Kim bilir kimler gelip dertlerine çare olmadan oradan aldığı görüntüleri sıcak koltuklarındaki insanlara ulaştırıyordu. Ben de onlardan biriydim. Onlarsa ellerine 5000 dolar tutuşturularak evlerinden atılmakla yüz yüzeydiler. Ve ben bu gerçeği değiştiremiyordum. Bu arada kadınla ve kardeşi ile çok hoş bir sohbetimiz oldu. Yaşadığı zorluğu, evden çıkmaları gerektiğini, parasızlığı, ailede herkese baktığını, artık onun da yaşlandığı ve ona kimin bakacağından yakınıyordu, ama üzerinde inanılmaz da bir sakinlik vardı. Evlerin kimine kırmızı boyayla soru işareti, kimine de çarpı koymuşlardı. Nedenini sordum. Soru işaretleri boşaltılması gereken evler, çarpılar ise boşaltılmış ve yıkılacak evlermiş. İster istemez aklıma Almanya’da Yahudilerin kapılarına, Türkiye’de de Alevilerin kapılarına koyulan işaretler gelmişti.

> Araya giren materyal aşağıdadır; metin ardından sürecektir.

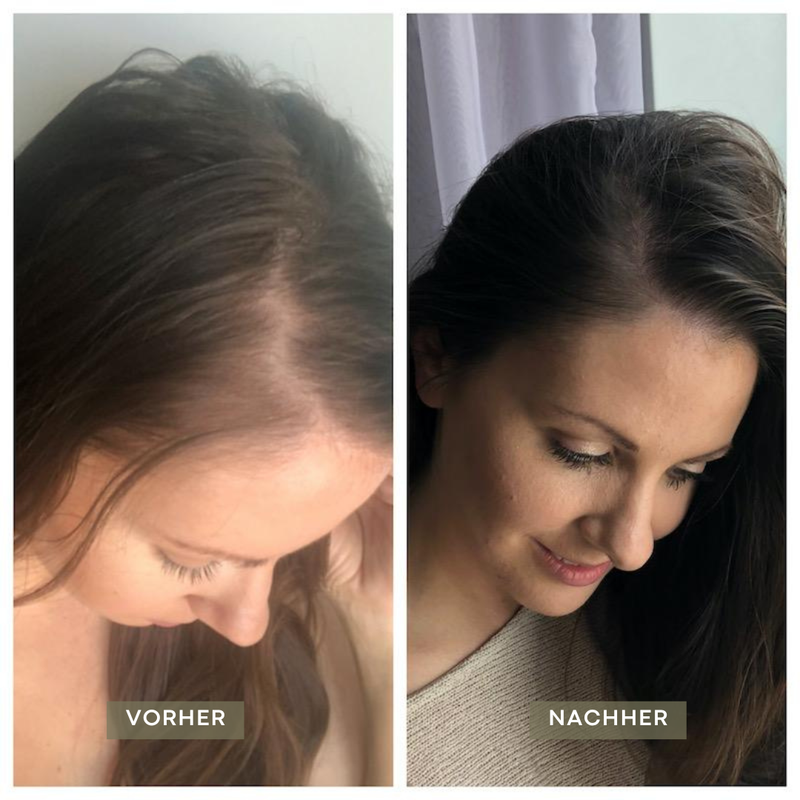 Vorher Nachher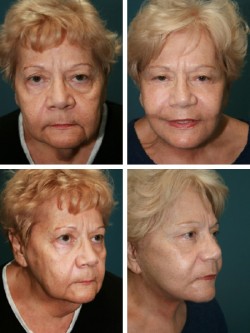 Valrico Brandon, Florida. Facelift results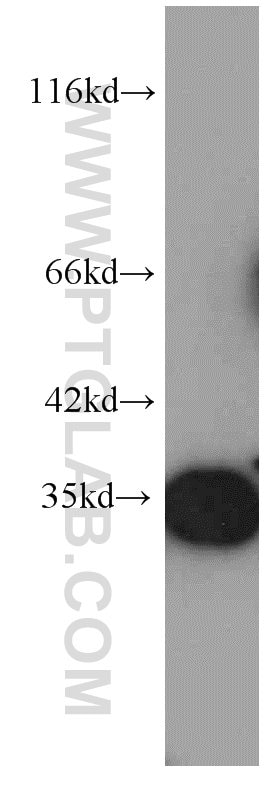 WB analysis of human brain using 66046-1-Ig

Tabiiki bambaşka durumlar, ama mikro açıdan baktığında o insanlar açısından aynı ayrıştırıcılığı içermiyor muydu? Çekmeye devam ediyordum, bir ara yıkık bir evdeki koltukları çekerken “Kimse bir şey götüremeyecek öbür tarafa.” dedi. Kamerayı ona döndürdüm, zaman durmuştu sanki o an. O kadar sakin bir hali vardı ve mağrur duruyordu. Arka planı oluşturan “mafia” yazılı yıkık bir evin duvarıyla adeta dokunulmazdı. O kadar etkilenmiştim ve o kadar doğruydu ki söylediği. 60-70-80 yıl için yaptığımıza bak, hala birbirimizi yiyoruz. Suriye, Bourj Hammoud’da başka türlü hissediliyor. Biz Avrupa’da çok uzağız her şeye ve ateş gerçekten de düştüğü yeri yakıyor. Lübnan’da, Türkiye’de devlet politikaları ne olursa olsun Suriye’den, savaştan kaçan insanlar en çok buralara geliyorlar. Ve çoğunun durumu içler acısı…

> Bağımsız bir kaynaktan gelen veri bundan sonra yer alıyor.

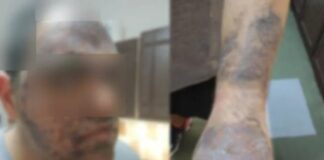 «Δεν κάλεσαν το ΕΚΑΒ επειδή τον είχαν ανασφάλιστο»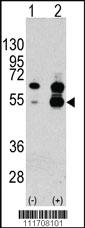 Anti-VEGFA Rabbit Polyclonal Antibody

Güneş batmak üzereydi kamptan tam çıkıyordum ki bir adamla karşılaştım, onunla da konuşmamız elbette Türkçe devam etti ve “Gel bir kahve içelim de konuşalım.” dedi. Halep’ten gelen Ermenilerden. O da o kadar yakın, tanıdıkdı ki… Bourj Hammoud’un ortasındaki Belediyah’da kahve içerken benim Türk, onun Ermeni olduğumuzu duyanlar fotoğrafımızı çekiyorlardı. Noel için son günlerine son hazırlıkların, alış-verişin yapıldığı bu pazar gününde küçük çaplı da olsa bir hayran kitlesi oluşturduk. Ve Levon anlatmaya devam etti bana kamerayı açmamı söyleyerek: “Vezirdik, rezil olduk. Soykırımı ikinci kez yaşadık. Farklı, ama aynı bir yandan da.” Kuyumcuymuş Halep’te, işleri de iyiymiş. Güç çemberinin dışında kalan insalar kirli politik oyunların hedefi oluyorlar. Ev neresi senin için diye sordum, “Halep tabiiki” dedi. “Kalk bizim eve gidelim” dedi. Gittik. Levon her şeye rağmen o kadar hayat dolu bir insan ki etrafına İngilizce laf atarak ilerledik eve doğru. Yolda grup grup duran Suriyeli Kürt göçmenleri göstererek “Bizim durumumuz yine iyi, bu insanlar 20 kişi aynı odada kalıyorlar” dedi. Eve varıyoruz. Üç baldız eşleriyle birlikte bir eve sığışmışlar. Bir çiftin evi talan edilmiş sonra da tamamen yok olmuş. Yaşamları ellerinden alınmış. “Hadi bizi çek!” diyor ve çekiyorum.
Bourj Hammoud, tüm yoksulluğuna rağmen bir o kadar da zengin ve tarihinde olduğu gibi dünyanın her yerinden göçmenlere yuva olmaya devam ediyor. Savaşın bu kadar dibinden gelmiş bu kadar insanı gördükten sonra benim şikayet etmeye hakkım var mı diye düşünüyorum. Kendim için yaşamıyorum bu dünyada.